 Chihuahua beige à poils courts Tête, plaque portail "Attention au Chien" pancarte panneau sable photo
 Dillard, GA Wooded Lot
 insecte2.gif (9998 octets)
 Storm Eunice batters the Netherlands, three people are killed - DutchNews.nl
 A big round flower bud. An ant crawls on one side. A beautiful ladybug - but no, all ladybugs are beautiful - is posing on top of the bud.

★ ★ ★

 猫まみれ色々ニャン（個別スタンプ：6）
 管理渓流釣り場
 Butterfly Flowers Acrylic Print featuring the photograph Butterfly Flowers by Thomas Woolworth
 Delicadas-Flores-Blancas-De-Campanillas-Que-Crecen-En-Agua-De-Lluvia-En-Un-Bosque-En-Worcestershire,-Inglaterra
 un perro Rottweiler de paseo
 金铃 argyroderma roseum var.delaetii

★ ★ ★

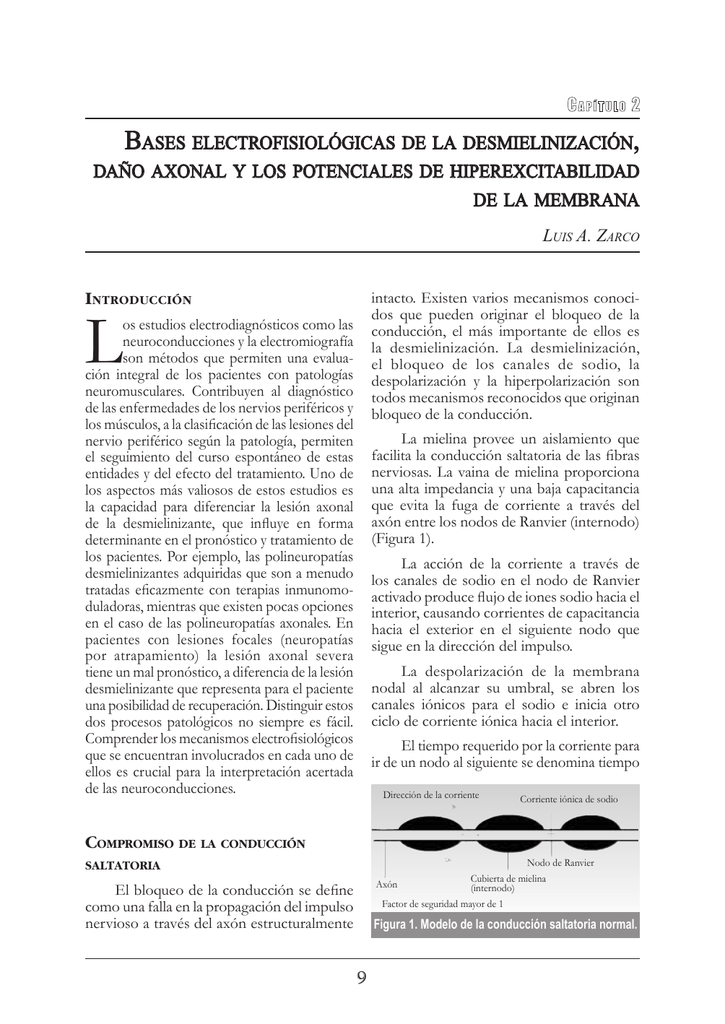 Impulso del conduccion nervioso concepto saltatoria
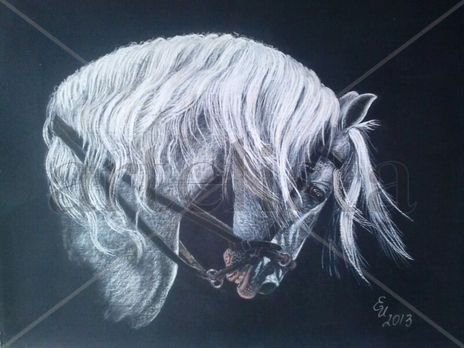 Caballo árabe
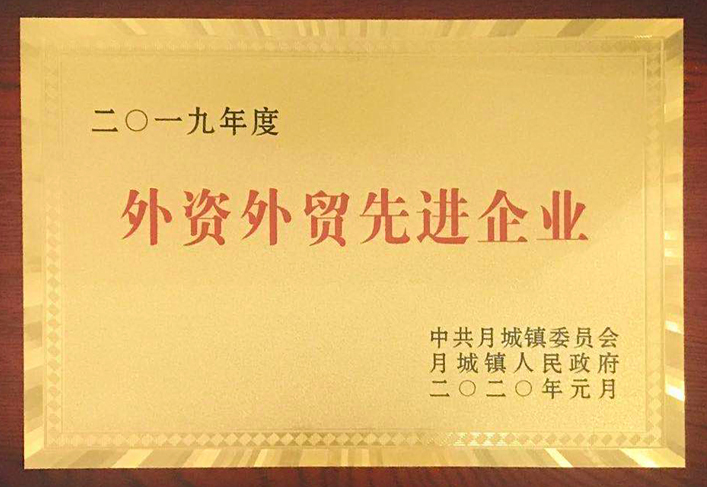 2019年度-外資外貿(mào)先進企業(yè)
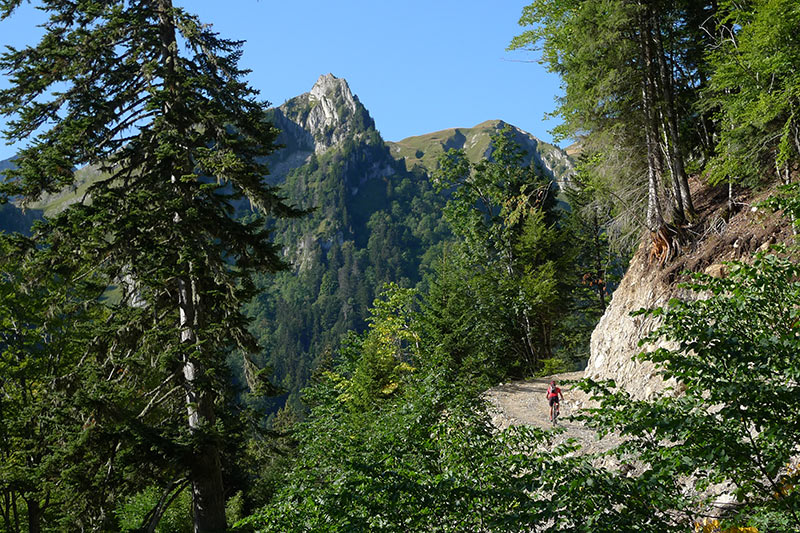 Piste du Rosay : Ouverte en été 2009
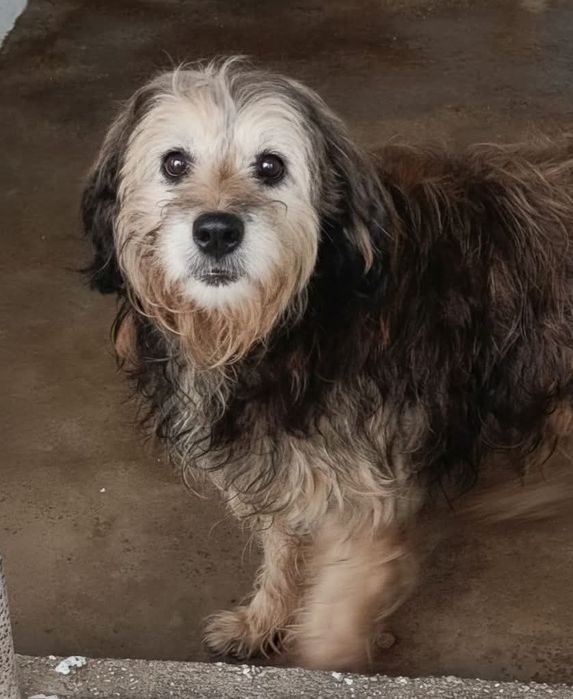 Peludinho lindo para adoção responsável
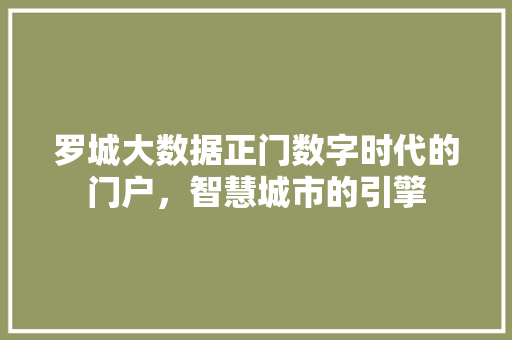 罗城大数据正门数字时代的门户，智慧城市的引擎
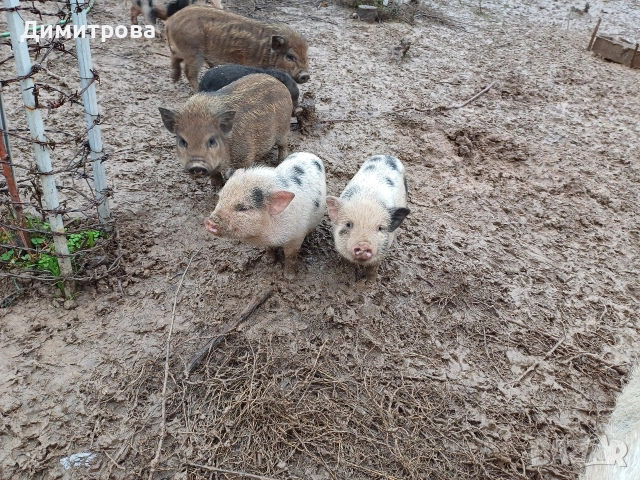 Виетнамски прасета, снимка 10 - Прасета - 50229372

★ ★ ★

- [Problem to solve] Everything above from the line that has "2019年度-外資外貿(mào)先進企業(yè)" down to the line that has "Виетнамски прасета, снимка" should be output exactly, with both of those lines included. Leave the pictures behind.

- [Output]
 2019年度-外資外貿(mào)先進企業(yè)
 Piste du Rosay : Ouverte en été 2009
 Peludinho lindo para adoção responsável
 罗城大数据正门数字时代的门户，智慧城市的引擎
 Виетнамски прасета, снимка 10 - Прасета - 50229372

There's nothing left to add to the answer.